> [Task statement]:
Everything from the line containing "Lot image - Pair" to the last line of the material below must be retyped exactly, both ends included; skip the pictures.

> [Data excerpt]:
=====
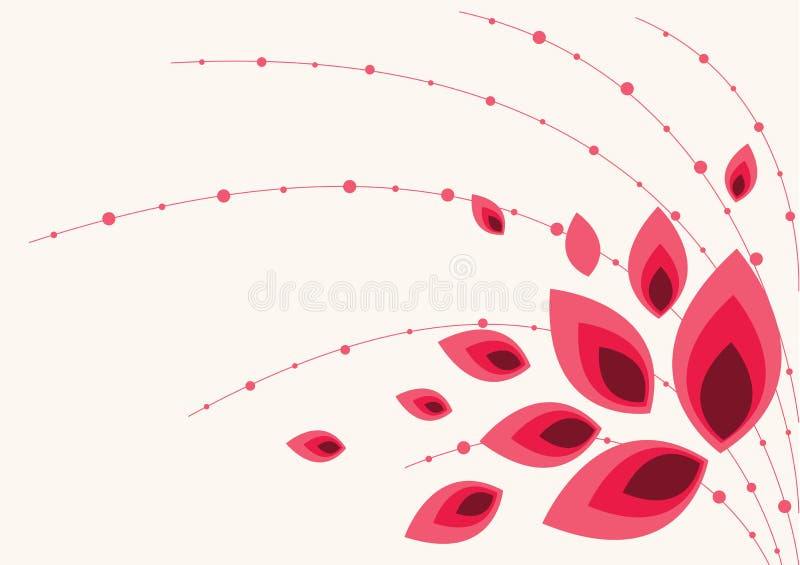 όμορφος floral κόκκινος δονού& διανυσματική απεικόνιση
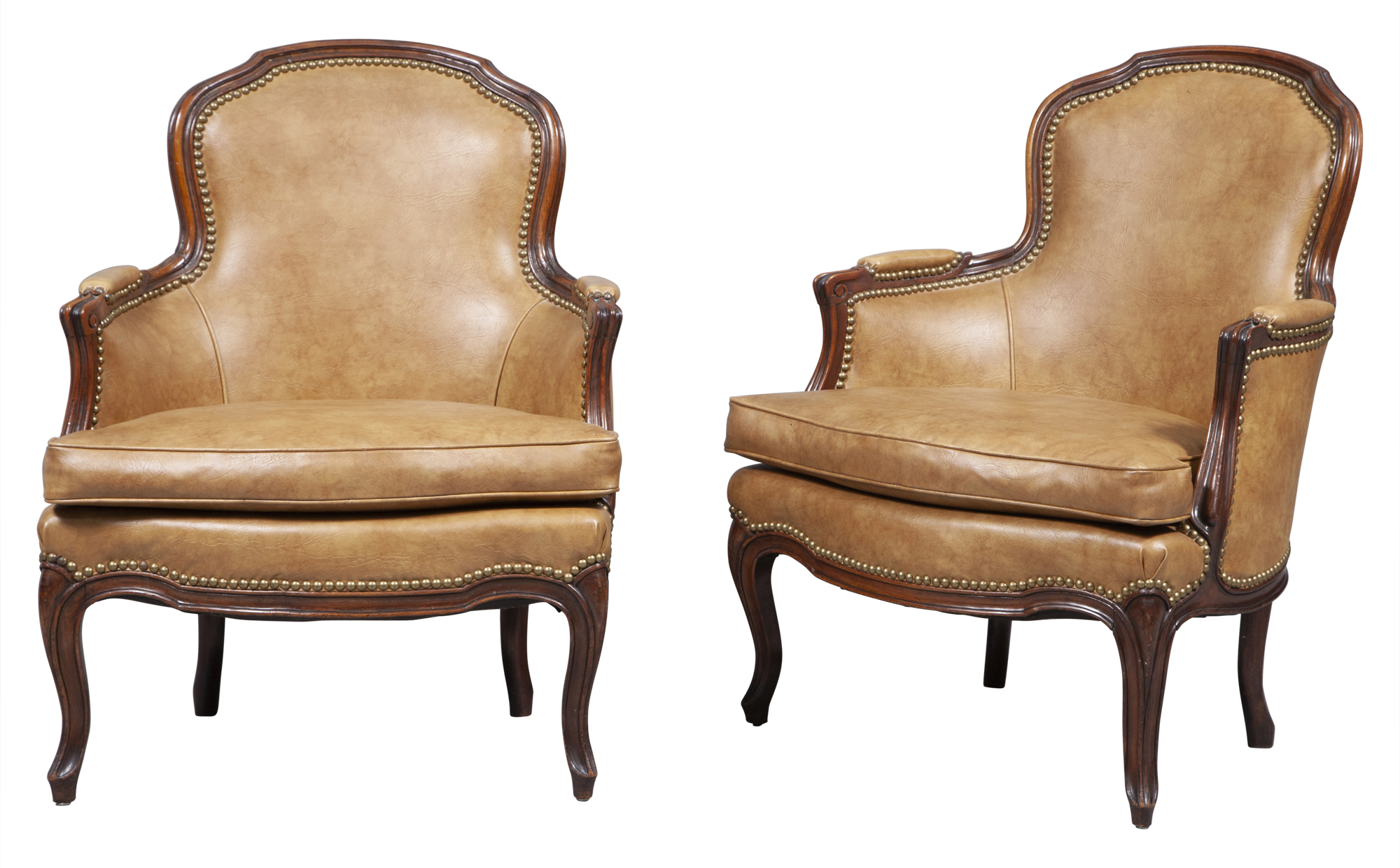Lot image - Pair of Louis XV Style Leather Upholstered Bergères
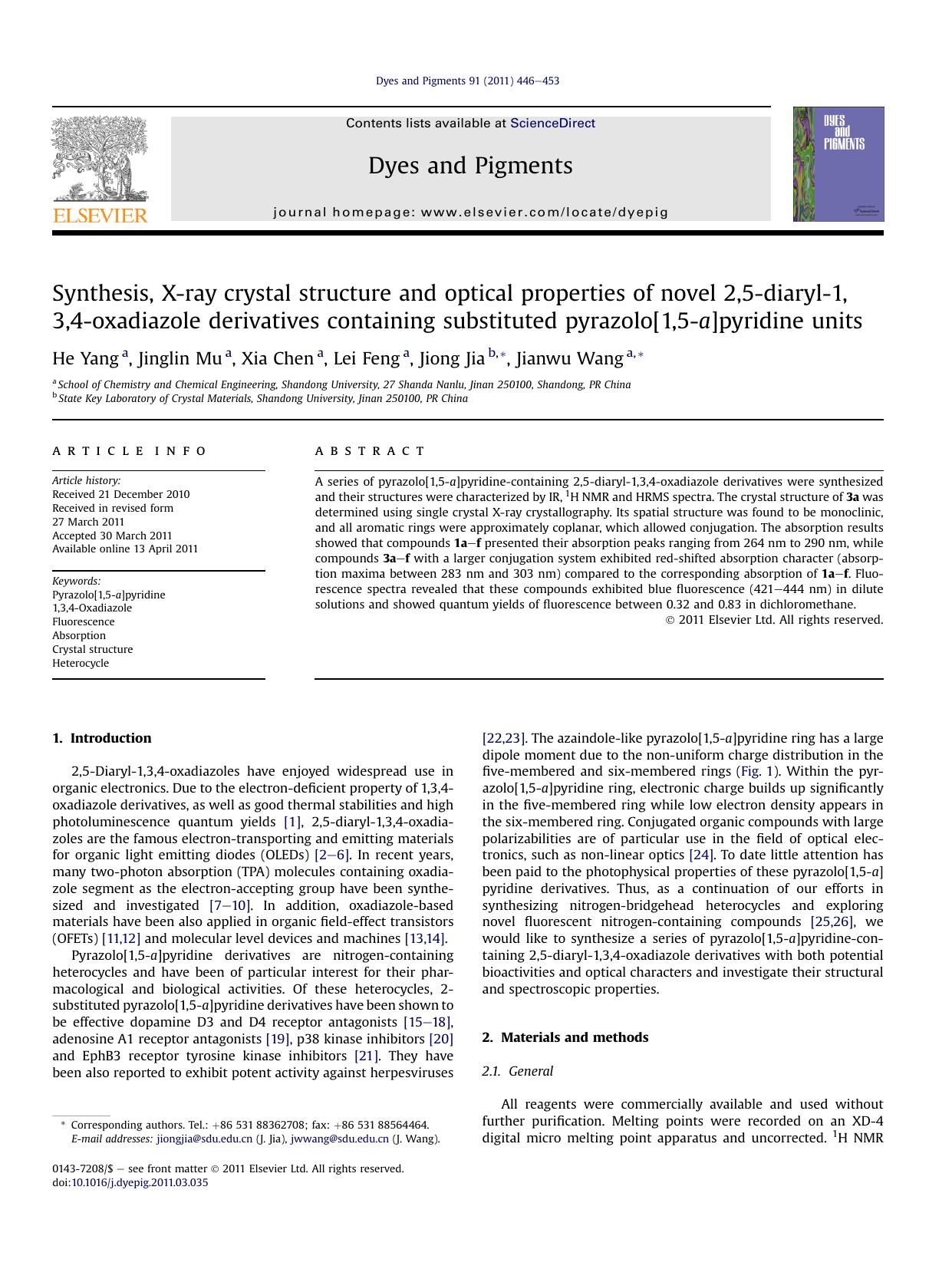 Synthesis, X-ray crystal structure and optical properties of novel 2,5-diaryl-1,3,4-oxadiazole derivatives containing substituted pyrazolo[1,5-a]pyridine units by He Yang & Jinglin Mu & Xia Chen & Lei Feng & Jiong Jia & Jianwu Wang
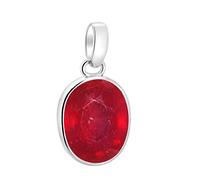 S KUMAR GEMS & JEWELS Certified Natural Ruby Stone (Manik Stone/Manikya Stone) Birth Gemstone 7.25 Ratti Silver Pendant for Rashi Ratan, Silver, Ruby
=====
> [Solution to this task]:
Lot image - Pair of Louis XV Style Leather Upholstered Bergères
 Synthesis, X-ray crystal structure and optical properties of novel 2,5-diaryl-1,3,4-oxadiazole derivatives containing substituted pyrazolo[1,5-a]pyridine units by He Yang & Jinglin Mu & Xia Chen & Lei Feng & Jiong Jia & Jianwu Wang
 S KUMAR GEMS & JEWELS Certified Natural Ruby Stone (Manik Stone/Manikya Stone) Birth Gemstone 7.25 Ratti Silver Pendant for Rashi Ratan, Silver, Ruby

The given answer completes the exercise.